Civil Candor

political cynicism for turbulent times

Copyright © 2021 CivilCandor.com

Home » Economy » Halting the Sequester Will Be a Historic Betrayal

Halting the Sequester Will Be a Historic Betrayal

Last update May 3, 2020

In less than three weeks Congress gets its wake up call. Campaigns will be over. For better or worse, voters will have made their decision. We will be two months away from taking a nosedive over Washington’s painstakingly constructed fiscal cliff. Efforts to halt the sequester will roll back the clock to 2011, when lawmakers failed to come to grips with deficit reduction and perpetrated a hoax on the American people with their Budget Control Act (see: Congress Hatches a Government Scam With Its Fiscal Cliff), a bipartisan boondoggle both parties credited with pointing the nation down the path to fiscal responsibility.

White House was jubilant over fiscal responsibility mandate.

Were Democrats so intent on forcing a tax hike in the name of shared responsibility that they forgot what the Budget Control Act was designed to do? Proclaiming “a victory for bipartisan compromise, for the economy and for the American people.”1 the White House praised the bill because it:

Removes the cloud of uncertainty over our economy at this critical time …2

and:

Establishes a bipartisan process to seek a balanced approach to larger deficit reduction through entitlement and tax reform;3

Best of all, the Budget Control Act had an:

Enforcement mechanism established to force all parties – Republican and Democrat – to agree to balanced deficit reduction.4

Countdown to a sequester sellout.

Way back in 2011 Harry Reid was optimistic. Sequestration was still far away and Congress was focused on wiping the national credit downgrade from our memories:

This lengthy debate left Americans across the country wondering whether Congress would get the job done, or send our economy off a cliff. But in the end, both sides came together. Neither side got everything it wanted, but our nation got a bipartisan compromise that averts an economic catastrophe, and puts us on a path toward fiscal stability.5

Reid insisted that he would be against halting the sequester in the absence of a “balanced plan,” Democratic lingo for a tax hike:

The sequester was designed to be painful, and it is.
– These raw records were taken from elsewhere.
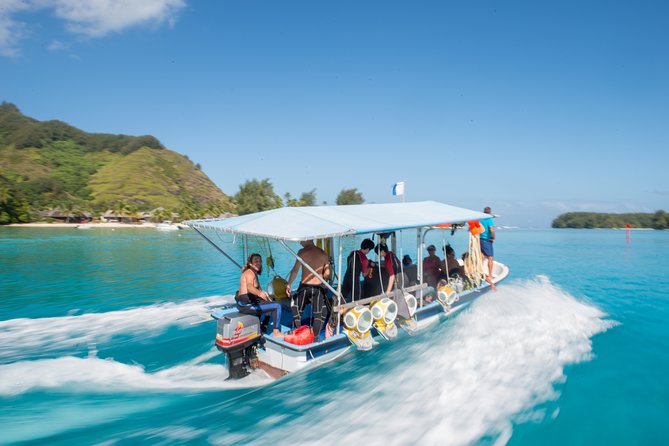 Aquablue Moorea - Who should book Aquablue Moorea, and who might want to choose another plan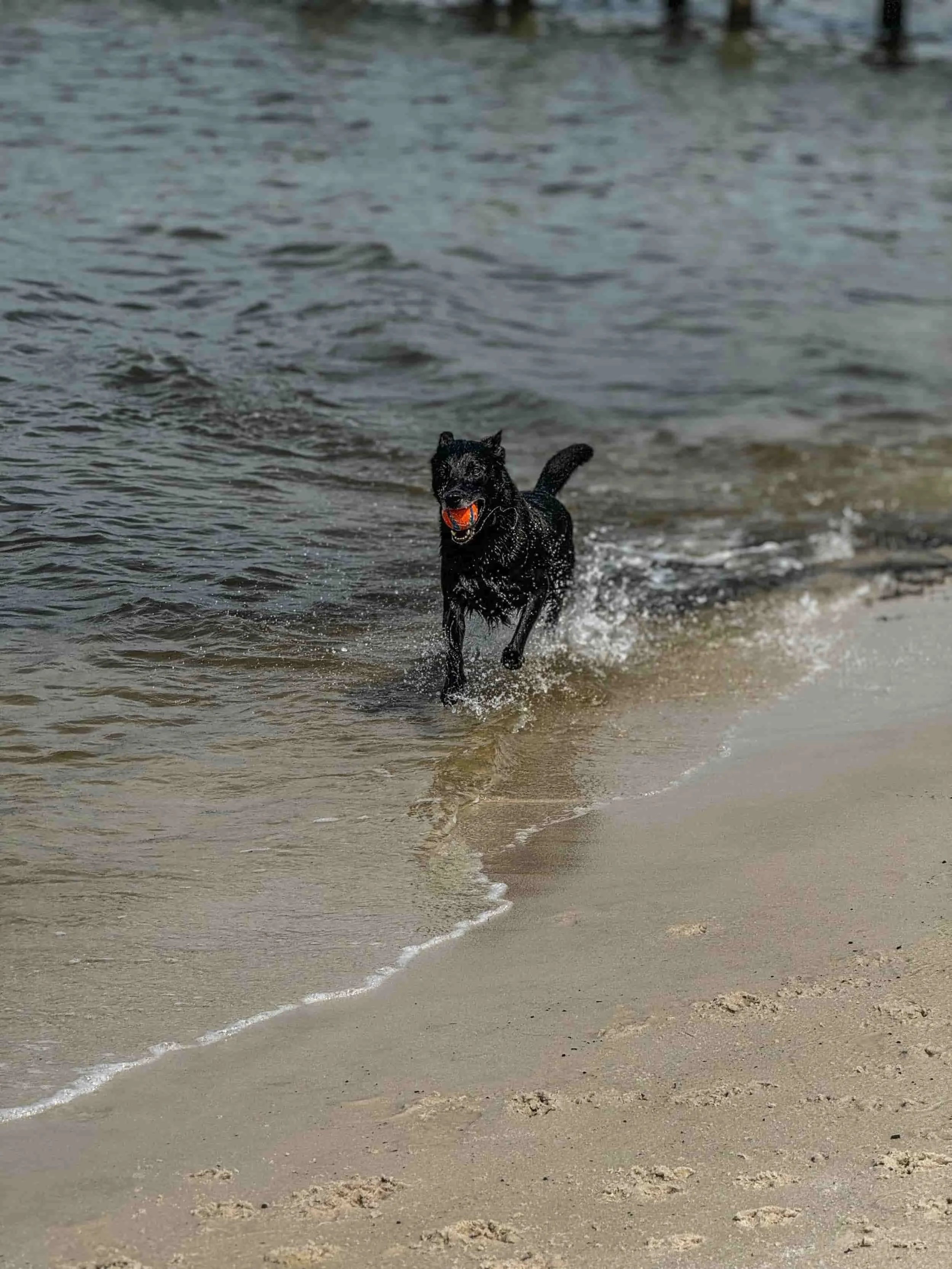 Confident dog exploring outdoors after behavior training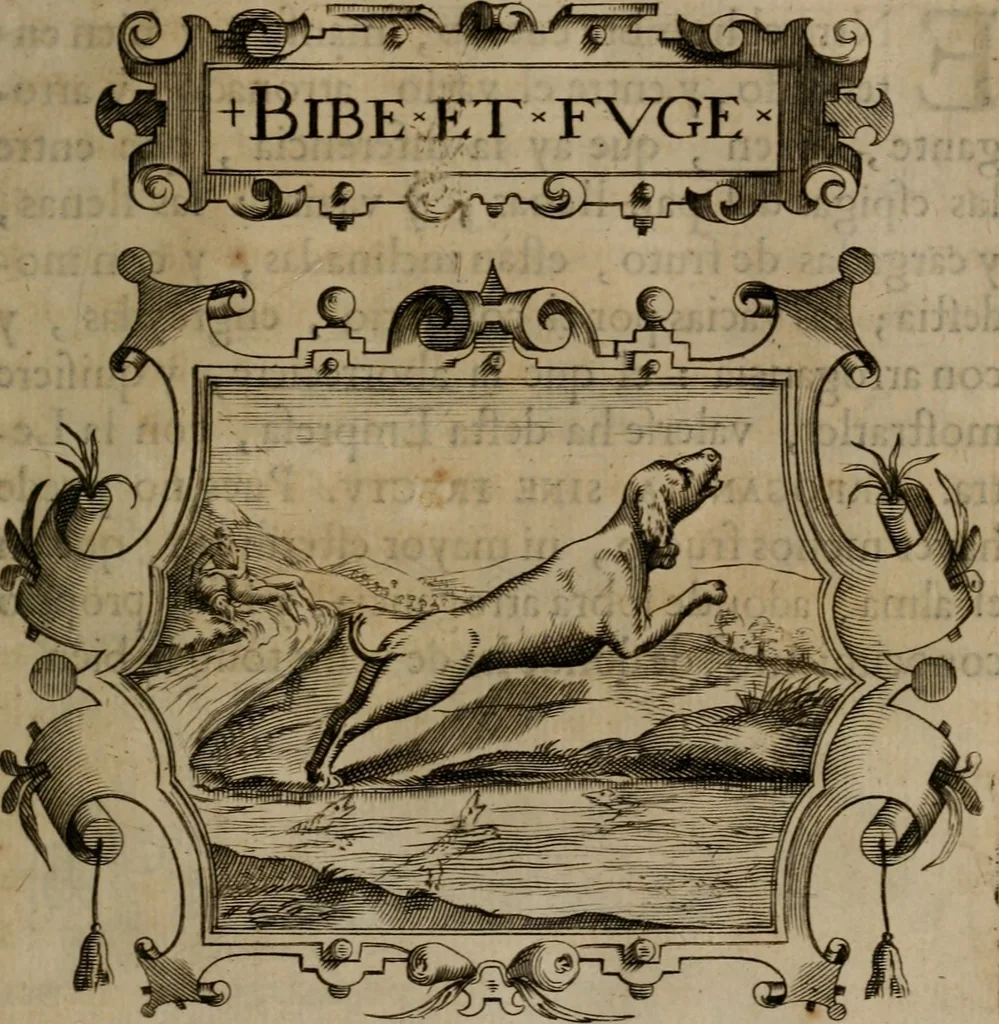 An illustration from Empresas morales, 1680, leaf 234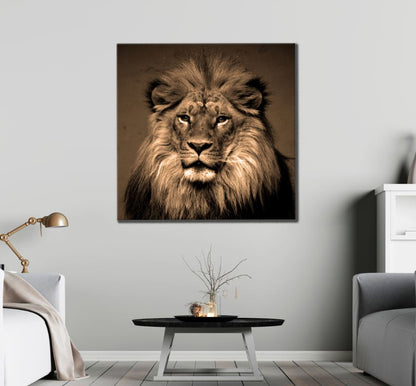 Square Canvas Lion Portrait Photograph High Quality Print 100% Australian Made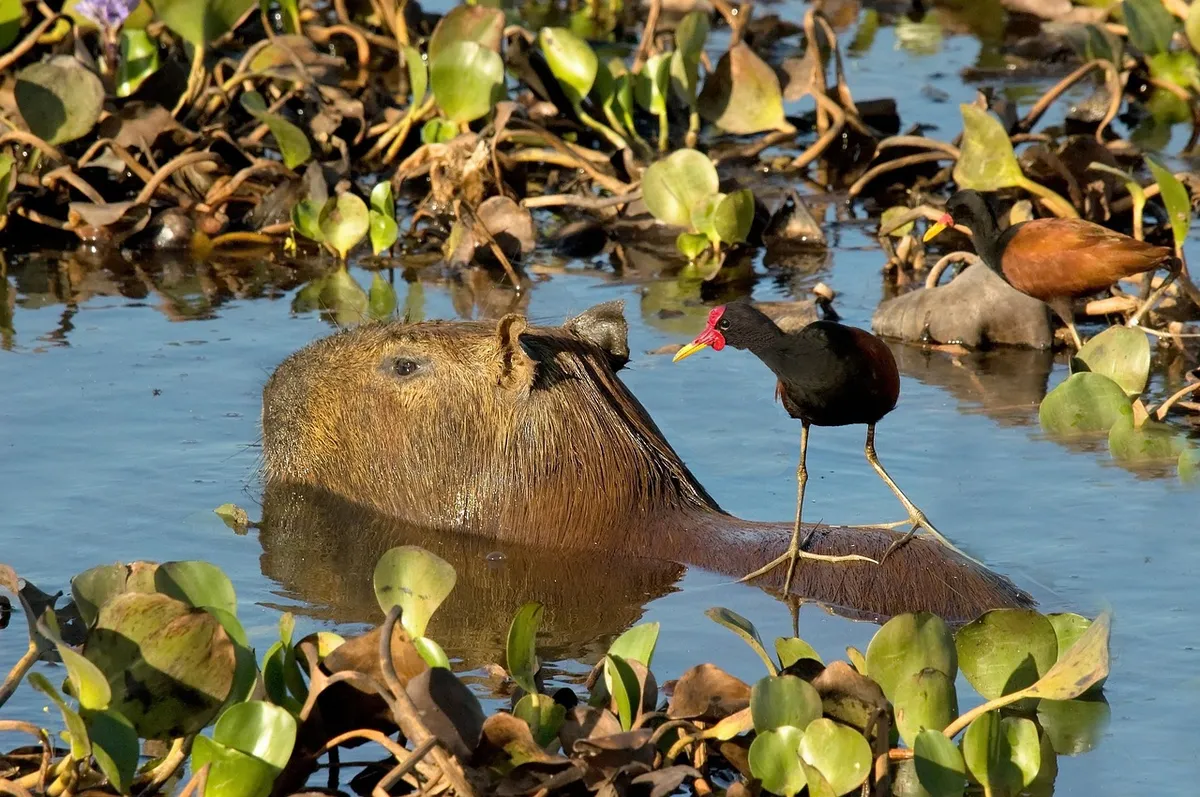 denisdoukhan-capybara-3979875_1280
But that is the commitment to fiscal responsibility that both parties made to the American people. In the absence of a balanced plan that would reduce the deficit by at least as much, I will oppose any efforts to change or roll back the sequester.6

Despite a House Republican vote of 174 ayes, nearly double the 95 votes from Democrats, John Boehner sounded less than optimistic when the Budget Control Act was passed:

This bill is far from perfect, but it’s a positive step forward that denies President [Obama] the $2.4 trillion blank check that lets him continue his spending binge through the next election.7

Now both parties are in retreat and the sequester sellout is going full bore. Will Democrats accept a little shared responsibility, or will amnesia rule the day over this historic bit of bipartisanship?

White House response to H.R. 6365 proves nothing has changed.

The president’s reaction to H.R. 6365, the National Security and Job Protection Act, confirmed that fiscal responsibility is little more than a cruel slogan to manipulate voters into endorsing social spending. Among other things, H.R. 6365 protects defense spending and puts the president on the spot for the sort of bipartisan deficit reduction plan he likes to talk about. The White House statement in opposition spouts the same party line that keeps digging the federal deficit hole deeper:

Similar to the House Budget Resolution, this reduction would lead to destructive cuts in investments critical to the Nation’s economic future, ranging from education to research and development to infrastructure.8

Fiscal responsibility, shared sacrifice, and the sequester are lies and hoaxes.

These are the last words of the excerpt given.